REQUIREMENT.
Quote all entries exactly, leaving pictures aside.

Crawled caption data
# # # #

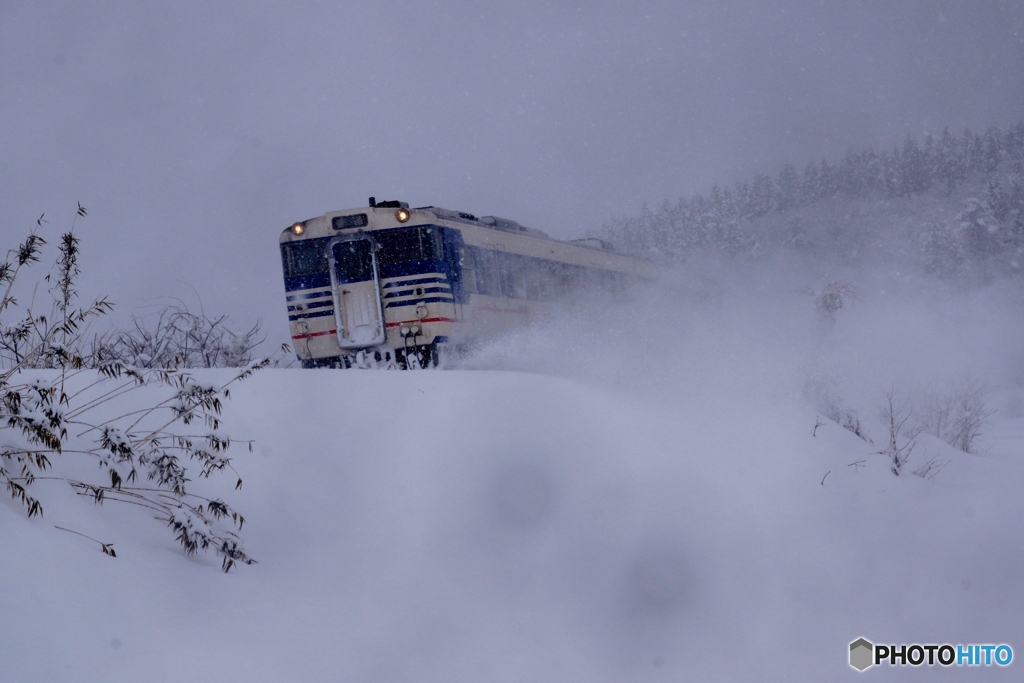 雪の中を突進！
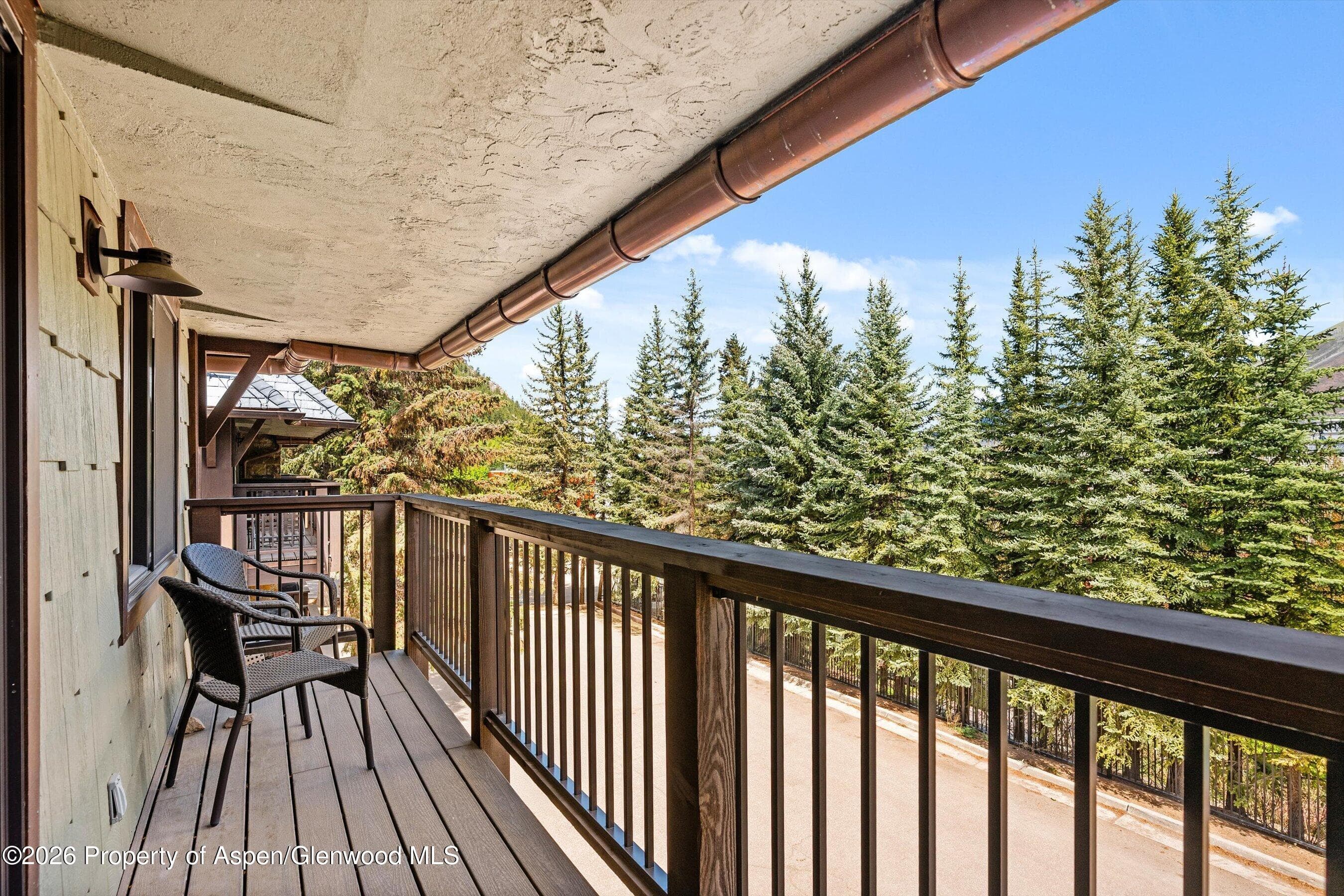 650 S Monarch Street 7, Aspen, CO 81611 - Photo 29
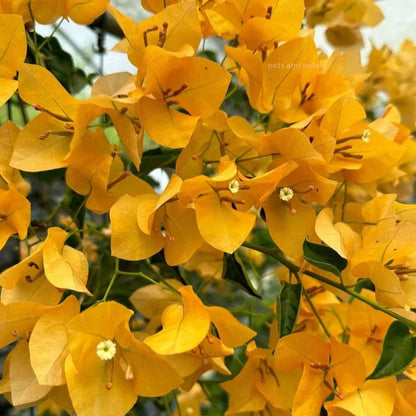 Bees Plant Hub Bougainvillea Yellow Creeper (Paper Flower) Flowering Live Plant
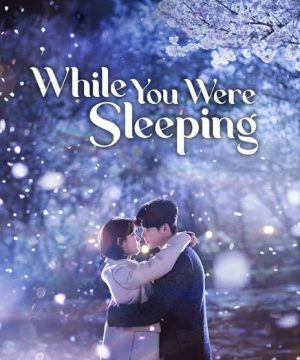 While You Were Sleeping / ‏بينما كنت نائماً تقرير + حلقات مترجمة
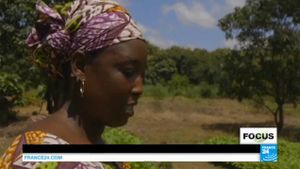 Déforestation et désertification progressent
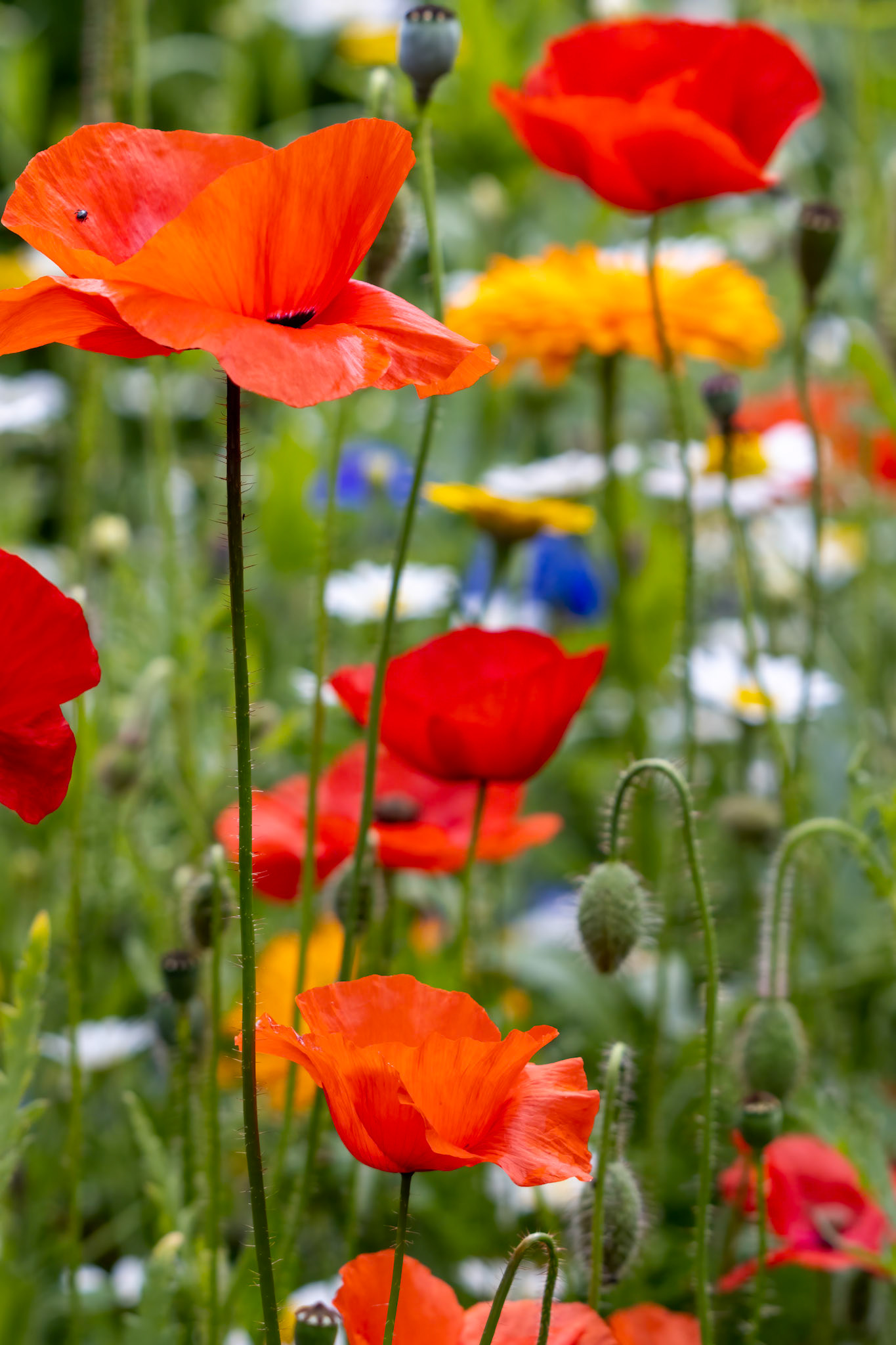 Poppies flowering in a strip of wildflowers in East Grinstead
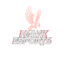 Hawk Esports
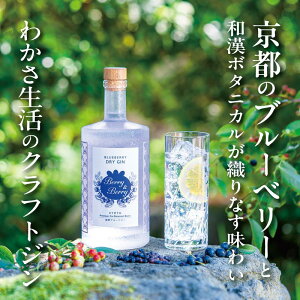 yӂ邳Ɣ[Łzy킩zu[x[hCWuBerry&Berryv700ml×1{ AR[x45x | s Tv u[x[AC No.1 lC    AR[ W N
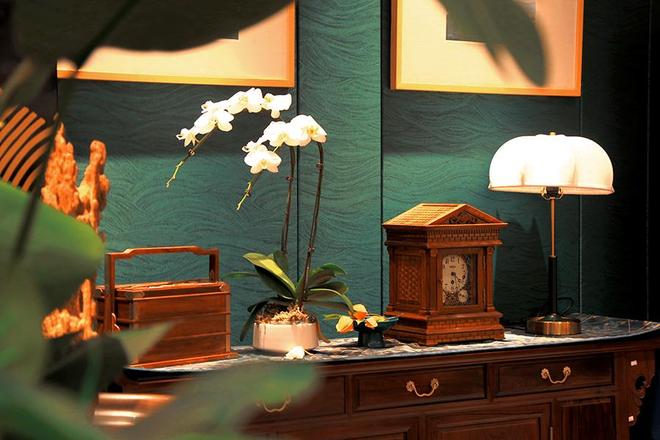 2020���ľ�Ҿ�ʮ��Ʒ��__��ľ�Ҿ߶���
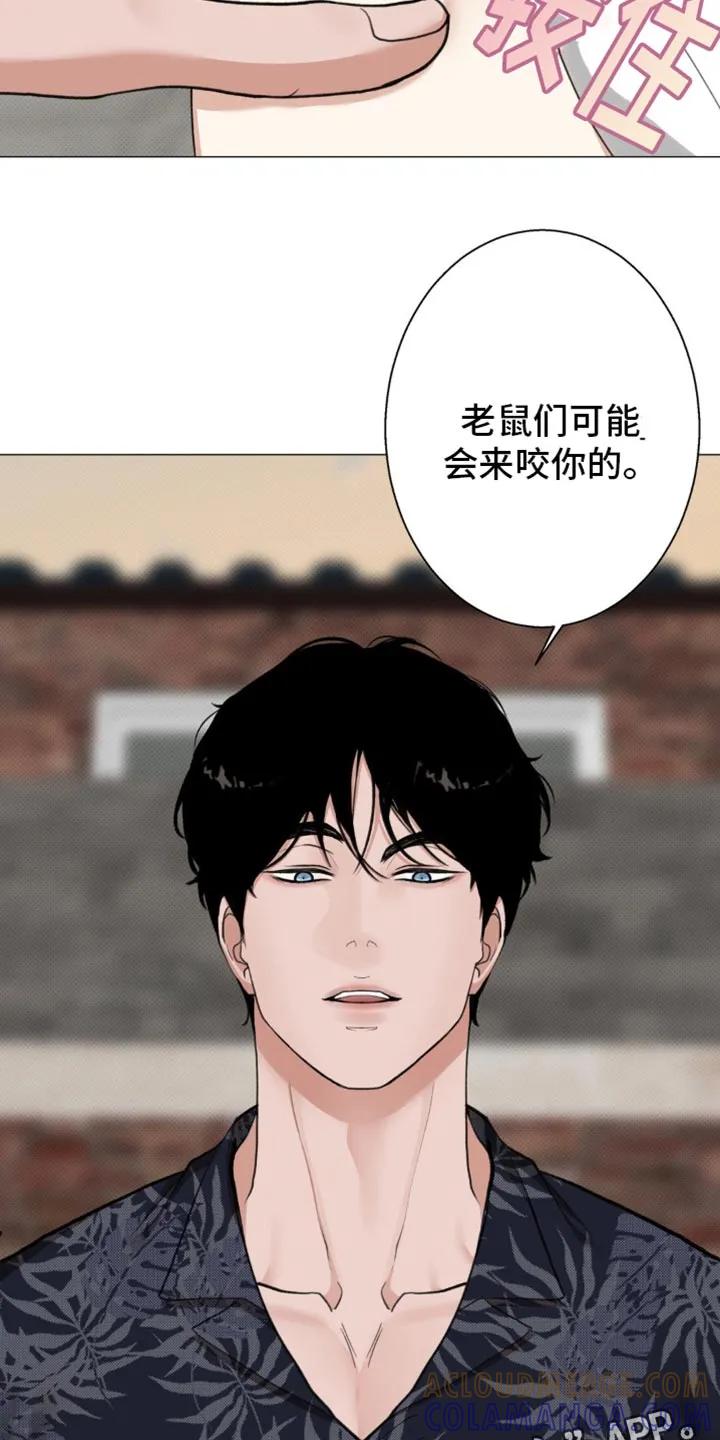 《海岛人生》第23章：老鼠 第31页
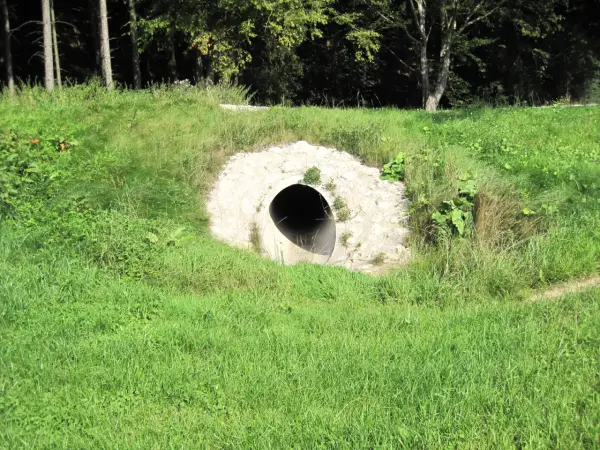 Maßnahme zum Wasserrückhalt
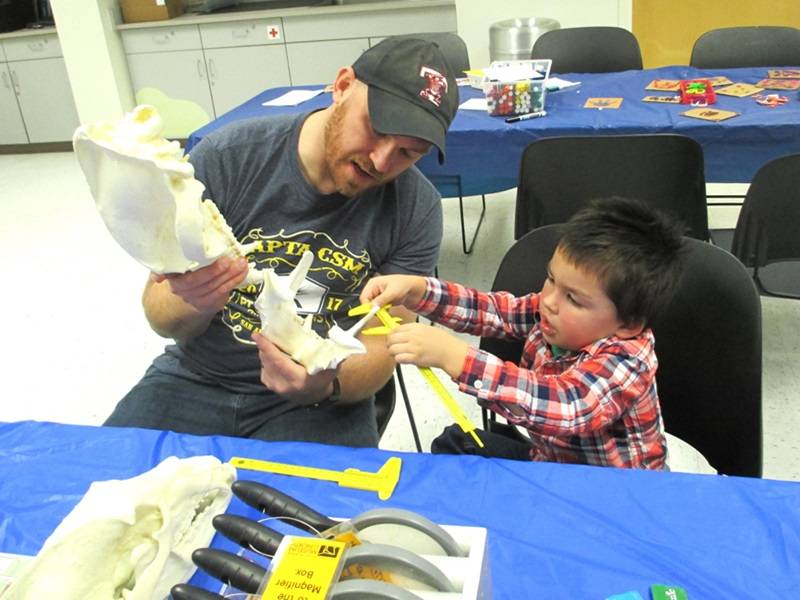 Adult and child examining a replica bear skull.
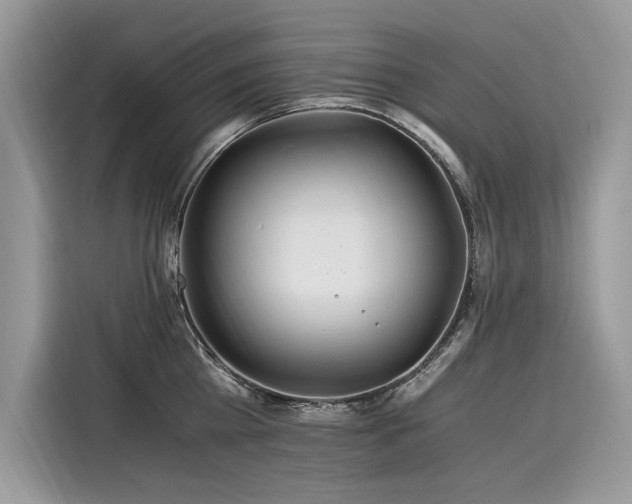 X0000116260809200911301152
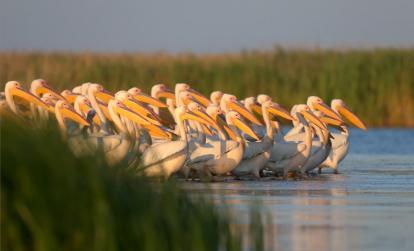 Delta du Danube A Découvrir en Roumanie - Le Delta du Danube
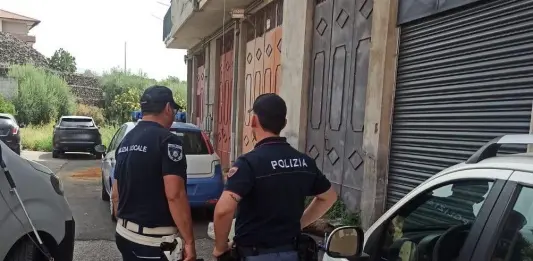Cani uccisi e torturati nel Catanese, denunciato un 47enne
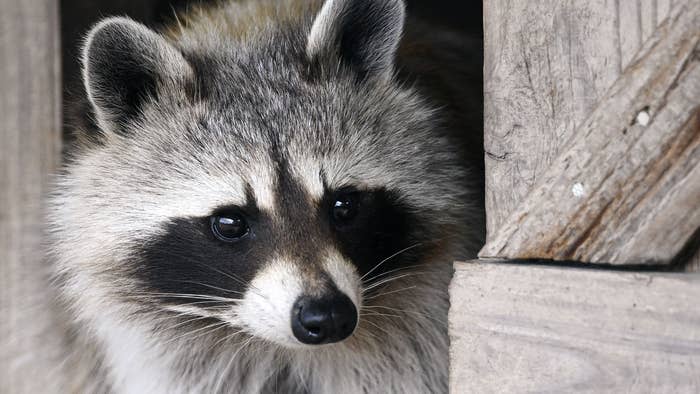 A racoon looking on at the Sainte-Croix animal park in Rhodes, eastern France. (Photo by Frederick FLORIN / AFP) (Photo by FREDERICK FLORIN/AFP via Getty Images)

# # # #

EXERCISE SOLUTION.
 雪の中を突進！
 650 S Monarch Street 7, Aspen, CO 81611 - Photo 29
 Bees Plant Hub Bougainvillea Yellow Creeper (Paper Flower) Flowering Live Plant
 While You Were Sleeping / ‏بينما كنت نائماً تقرير + حلقات مترجمة
 Déforestation et désertification progressent
 Poppies flowering in a strip of wildflowers in East Grinstead
 Hawk Esports
 yӂ邳Ɣ[Łzy킩zu[x[hCWuBerry&Berryv700ml×1{ AR[x45x | s Tv u[x[AC No.1 lC    AR[ W N
 2020���ľ�Ҿ�ʮ��Ʒ��__��ľ�Ҿ߶���
 《海岛人生》第23章：老鼠 第31页
 Maßnahme zum Wasserrückhalt
 Adult and child examining a replica bear skull.
 X0000116260809200911301152
 Delta du Danube A Découvrir en Roumanie - Le Delta du Danube
Cani uccisi e torturati nel Catanese, denunciato un 47enne
 A racoon looking on at the Sainte-Croix animal park in Rhodes, eastern France. (Photo by Frederick FLORIN / AFP) (Photo by FREDERICK FLORIN/AFP via Getty Images)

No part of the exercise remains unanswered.